Work request:
The line containing "9 JUCTION AVENUE" opens the span to copy, and the last line of the records below closes it. Write out that span exactly.

Extracted data:
*****
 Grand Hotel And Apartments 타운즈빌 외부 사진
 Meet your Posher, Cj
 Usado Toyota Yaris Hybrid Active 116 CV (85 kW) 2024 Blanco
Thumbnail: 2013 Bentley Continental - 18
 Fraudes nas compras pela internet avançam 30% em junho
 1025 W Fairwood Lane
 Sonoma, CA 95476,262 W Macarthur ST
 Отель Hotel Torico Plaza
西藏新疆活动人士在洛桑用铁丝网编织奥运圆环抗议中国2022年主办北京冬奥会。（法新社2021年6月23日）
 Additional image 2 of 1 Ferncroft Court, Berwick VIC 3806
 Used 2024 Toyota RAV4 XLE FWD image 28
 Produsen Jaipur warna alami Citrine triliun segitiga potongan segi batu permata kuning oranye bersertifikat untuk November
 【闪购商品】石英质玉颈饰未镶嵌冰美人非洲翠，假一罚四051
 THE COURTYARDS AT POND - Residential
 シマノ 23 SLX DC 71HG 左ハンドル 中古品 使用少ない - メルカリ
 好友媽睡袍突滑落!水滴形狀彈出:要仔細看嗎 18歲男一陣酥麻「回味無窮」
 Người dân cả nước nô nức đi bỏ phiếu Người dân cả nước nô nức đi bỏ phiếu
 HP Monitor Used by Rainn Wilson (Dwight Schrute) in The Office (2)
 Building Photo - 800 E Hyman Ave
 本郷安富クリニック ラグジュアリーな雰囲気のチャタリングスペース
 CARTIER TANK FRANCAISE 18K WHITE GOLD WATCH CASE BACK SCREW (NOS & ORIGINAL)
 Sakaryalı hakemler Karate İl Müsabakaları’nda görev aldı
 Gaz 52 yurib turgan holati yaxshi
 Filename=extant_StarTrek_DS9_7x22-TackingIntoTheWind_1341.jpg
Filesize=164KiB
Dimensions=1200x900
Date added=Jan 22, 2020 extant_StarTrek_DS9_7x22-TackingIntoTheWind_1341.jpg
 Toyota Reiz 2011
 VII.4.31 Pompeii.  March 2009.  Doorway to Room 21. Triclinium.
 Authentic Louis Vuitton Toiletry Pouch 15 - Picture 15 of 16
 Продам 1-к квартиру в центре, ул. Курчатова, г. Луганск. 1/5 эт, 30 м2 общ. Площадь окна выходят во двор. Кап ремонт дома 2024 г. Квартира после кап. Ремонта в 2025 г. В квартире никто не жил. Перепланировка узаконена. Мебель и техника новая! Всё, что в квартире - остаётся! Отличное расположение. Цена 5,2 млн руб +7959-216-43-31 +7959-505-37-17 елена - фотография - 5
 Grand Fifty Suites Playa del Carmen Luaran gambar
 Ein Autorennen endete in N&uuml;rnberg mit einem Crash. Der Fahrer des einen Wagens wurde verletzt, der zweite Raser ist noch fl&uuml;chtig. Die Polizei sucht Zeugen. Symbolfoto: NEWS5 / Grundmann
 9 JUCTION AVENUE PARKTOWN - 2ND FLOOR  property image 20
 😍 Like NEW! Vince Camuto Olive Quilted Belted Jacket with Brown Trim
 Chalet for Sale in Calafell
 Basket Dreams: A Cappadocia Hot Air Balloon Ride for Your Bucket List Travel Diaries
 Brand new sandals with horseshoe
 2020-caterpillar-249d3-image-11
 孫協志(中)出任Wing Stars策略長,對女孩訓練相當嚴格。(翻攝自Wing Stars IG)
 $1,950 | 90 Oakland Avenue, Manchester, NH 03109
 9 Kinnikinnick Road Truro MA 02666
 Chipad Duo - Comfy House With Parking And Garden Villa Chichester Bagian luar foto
*****
Answer to this problem:
 9 JUCTION AVENUE PARKTOWN - 2ND FLOOR  property image 20
 😍 Like NEW! Vince Camuto Olive Quilted Belted Jacket with Brown Trim
 Chalet for Sale in Calafell
 Basket Dreams: A Cappadocia Hot Air Balloon Ride for Your Bucket List Travel Diaries
 Brand new sandals with horseshoe
 2020-caterpillar-249d3-image-11
 孫協志(中)出任Wing Stars策略長,對女孩訓練相當嚴格。(翻攝自Wing Stars IG)
 $1,950 | 90 Oakland Avenue, Manchester, NH 03109
 9 Kinnikinnick Road Truro MA 02666
 Chipad Duo - Comfy House With Parking And Garden Villa Chichester Bagian luar foto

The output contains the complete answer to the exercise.